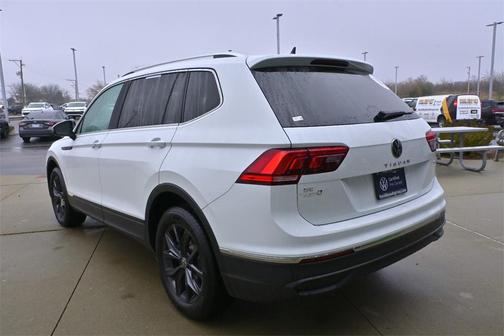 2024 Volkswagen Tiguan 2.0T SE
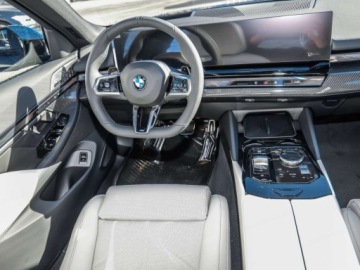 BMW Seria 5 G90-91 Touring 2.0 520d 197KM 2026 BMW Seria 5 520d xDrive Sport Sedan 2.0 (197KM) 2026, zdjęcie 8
==
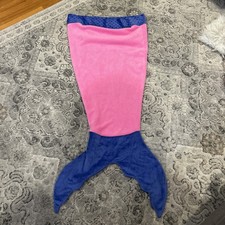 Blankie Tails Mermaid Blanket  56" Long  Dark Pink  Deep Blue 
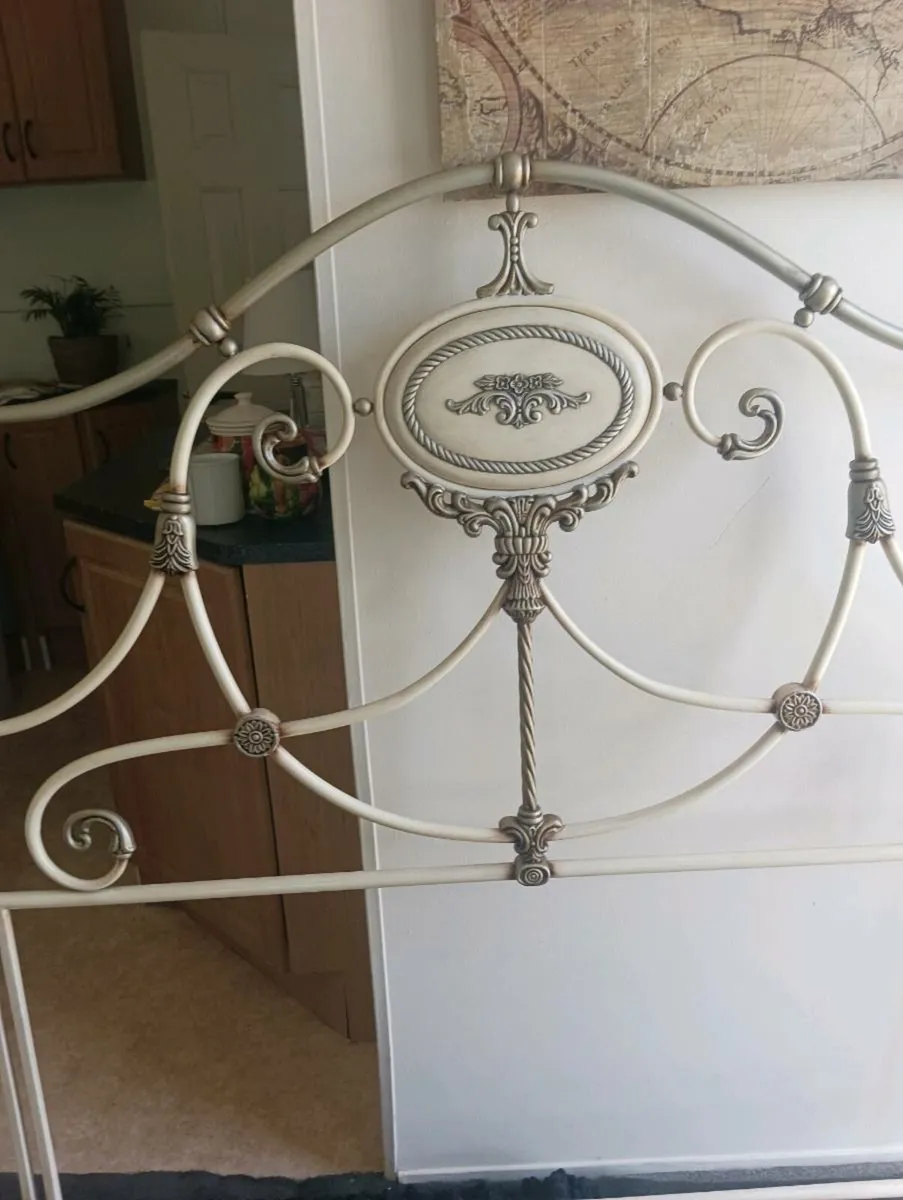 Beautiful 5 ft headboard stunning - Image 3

## Work order
Working from the entries above, please transcribe only the lines from the line with "2024 Volkswagen Tiguan 2.0T SE" through the line with "BMW Seria 5 G90-91", exactly, with both end lines and without pictures.

## Written solution
 2024 Volkswagen Tiguan 2.0T SE
 BMW Seria 5 G90-91 Touring 2.0 520d 197KM 2026 BMW Seria 5 520d xDrive Sport Sedan 2.0 (197KM) 2026, zdjęcie 8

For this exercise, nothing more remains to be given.